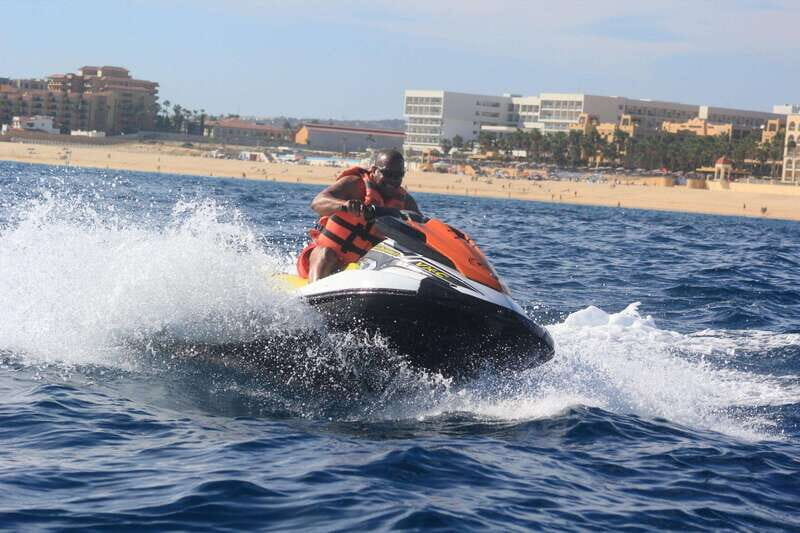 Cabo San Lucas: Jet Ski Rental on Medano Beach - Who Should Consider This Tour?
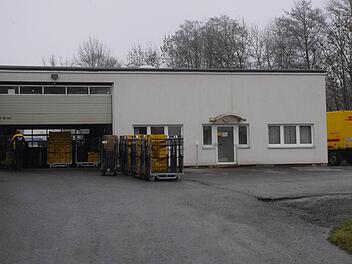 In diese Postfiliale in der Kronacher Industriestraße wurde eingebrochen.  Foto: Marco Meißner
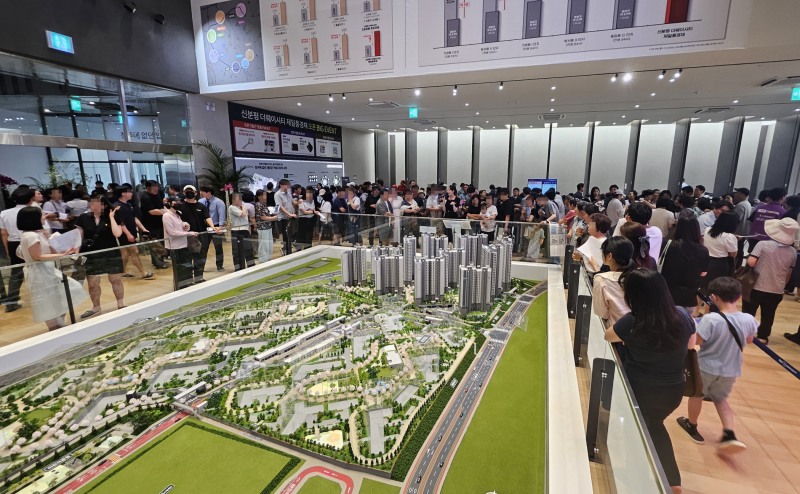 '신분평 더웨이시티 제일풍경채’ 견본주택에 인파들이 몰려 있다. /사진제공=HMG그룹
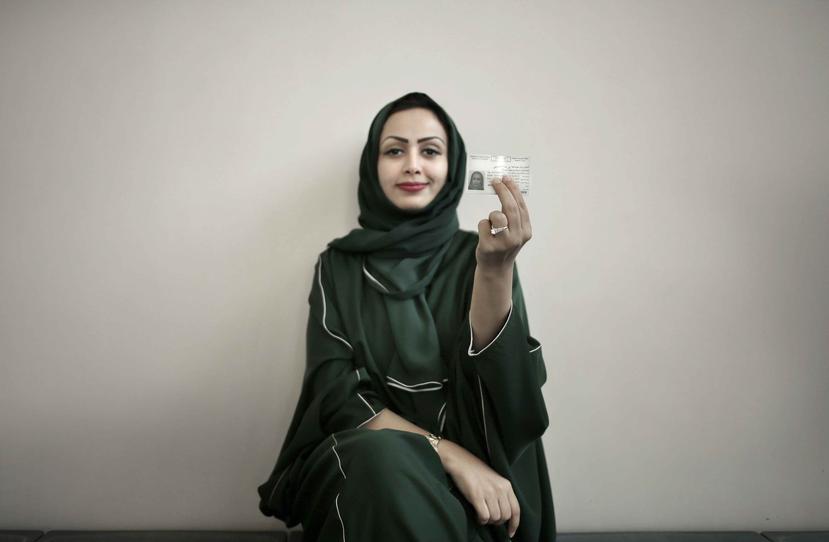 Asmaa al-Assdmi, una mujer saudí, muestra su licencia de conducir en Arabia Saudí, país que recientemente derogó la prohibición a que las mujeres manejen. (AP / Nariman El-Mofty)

━━━━━━━━━━

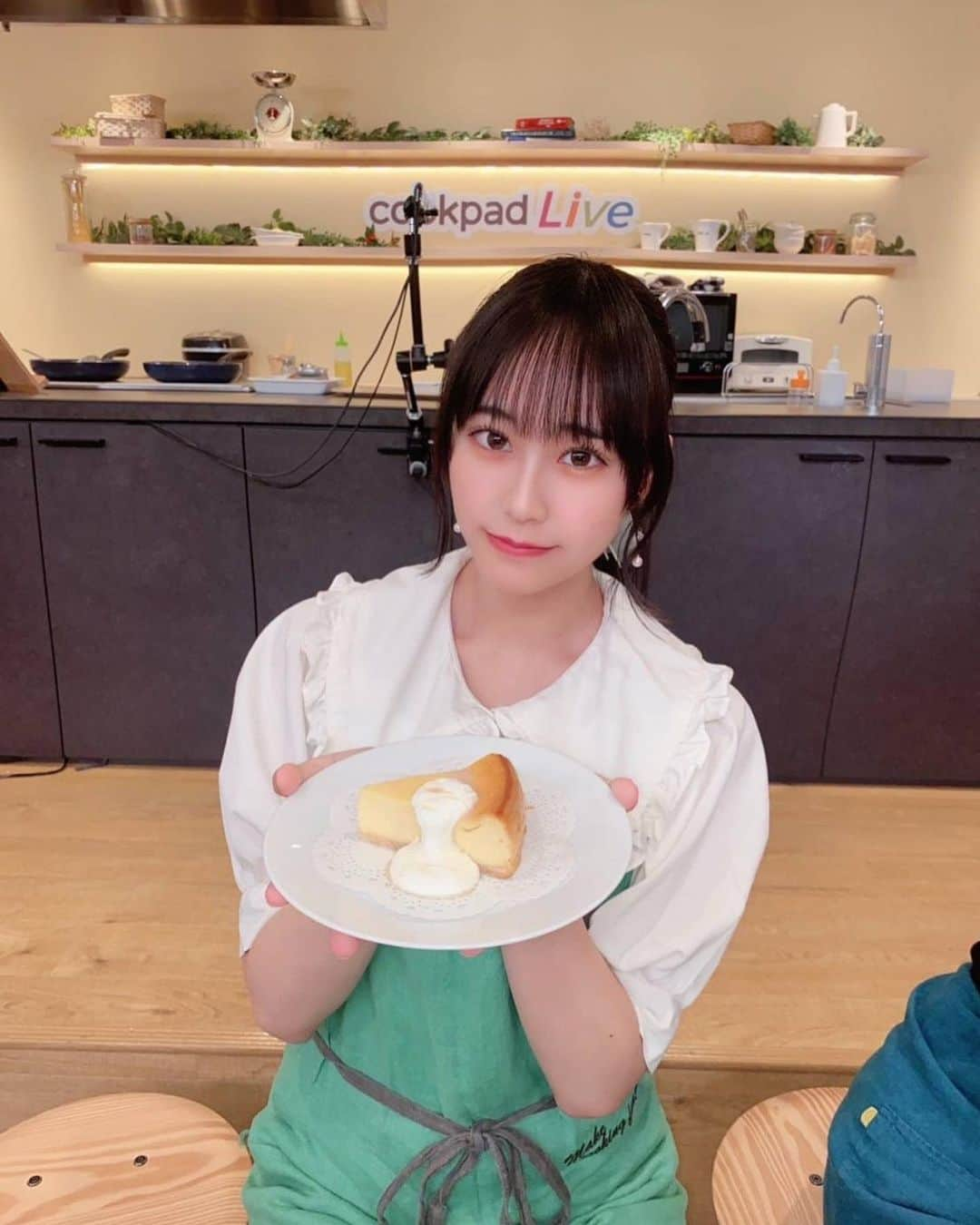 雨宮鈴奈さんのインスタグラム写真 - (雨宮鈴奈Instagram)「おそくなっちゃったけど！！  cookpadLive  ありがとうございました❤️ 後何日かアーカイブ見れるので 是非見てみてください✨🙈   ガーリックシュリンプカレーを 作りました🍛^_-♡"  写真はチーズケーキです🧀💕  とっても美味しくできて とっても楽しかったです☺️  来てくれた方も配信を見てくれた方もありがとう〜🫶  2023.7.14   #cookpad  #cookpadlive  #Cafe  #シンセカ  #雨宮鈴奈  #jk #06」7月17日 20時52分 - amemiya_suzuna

━━━━━━━━━━

§ **PROBLEM DETAILS**
Look through the listing above for the line with "In diese Postfiliale" and the line with "Asmaa al-Assdmi, una". Write out exactly those lines and everything between, leaving out pictures.

§ **EXERCISE RESULT**
 In diese Postfiliale in der Kronacher Industriestraße wurde eingebrochen.  Foto: Marco Meißner
 '신분평 더웨이시티 제일풍경채’ 견본주택에 인파들이 몰려 있다. /사진제공=HMG그룹
 Asmaa al-Assdmi, una mujer saudí, muestra su licencia de conducir en Arabia Saudí, país que recientemente derogó la prohibición a que las mujeres manejen. (AP / Nariman El-Mofty)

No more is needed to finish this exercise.